US State leadership is keeping the HFC transition on track, and keeping the U.S. in sync with the global phase-down now underway under the Kigali Amendment. This past month, Washington State’s HFC phase down passed the legislature and Governor Jay Inslee signed bill HB 1112. Meanwhile, Vermont has announced that they are intending to phase down HFC refrigerants as well through their new bill ‘S. 30.’ The bill passed the legislature and is expected to have a signature from the governor soon.
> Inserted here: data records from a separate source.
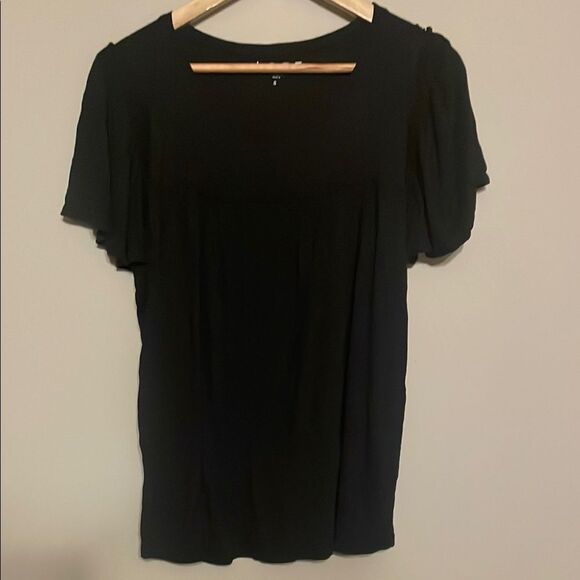 LOFT Black Flutter Sleeve Fitted Blouse - Picture 1 of 7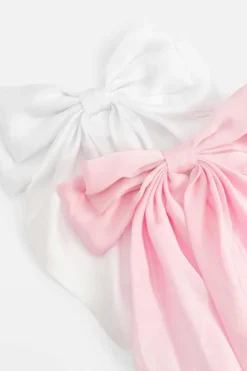Hair Accessories*boohoo Oversized Satin Bow Hair Clip 2 Pack multi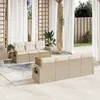 Image de Vidaxl Salon De Jardin Avec Coussins 8 Pcs Beige RÃ©sine TressÃ©e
This adds to the ever growing list of states that have chosen to regulate HFCs.
So far all of these state planned phase downs have been modeled after the original Environmental Protection Agency’s SNAP Rule 20 and 21 from 2015. Vermont and Washington, along with twenty-three other states, are part of what’s known as the United States Climate Alliance. This alliance was formed when the Trump Administration pulled the United States out of the Paris Climate Accord. The goal of the alliance is to create a coalition of states that work together to fight Climate Change and Global Warming. If the Federal Government isn’t going to do anything then the states will get it done and regulate HFCs themselves. The other states in the Climate Alliance are all expected to follow suit in the coming years.
The Federal Government’s positions on regulating HFCs has been confusing for the industry. The EPA’s SNAP Rule was thrown out by the courts. The Kigali Amendment went into effect at the beginning of this year but the United States never ratified the treaty. As more states join the phase down, manufacturing companies are going to be forced to move away from HFCs even without a Federal mandate. If enough states choose to regulate HFCs then manufacturers will either have to produce two different models,one for HFC states and one for non-HFC states, or the they will have to do a complete transition to lower GWP refrigerants.
The bottom line is that HFCs are going to be replaced by either natural refrigerants, hydrocarbons, or HFOs. If the U.S. government doesn’t ratify the Kigali amendment and/or the EPA doesn’t take charge of HFC’s, the U.S. may end up with a haphazard set of rules varying from state to state leading to even more refrigerant confusion.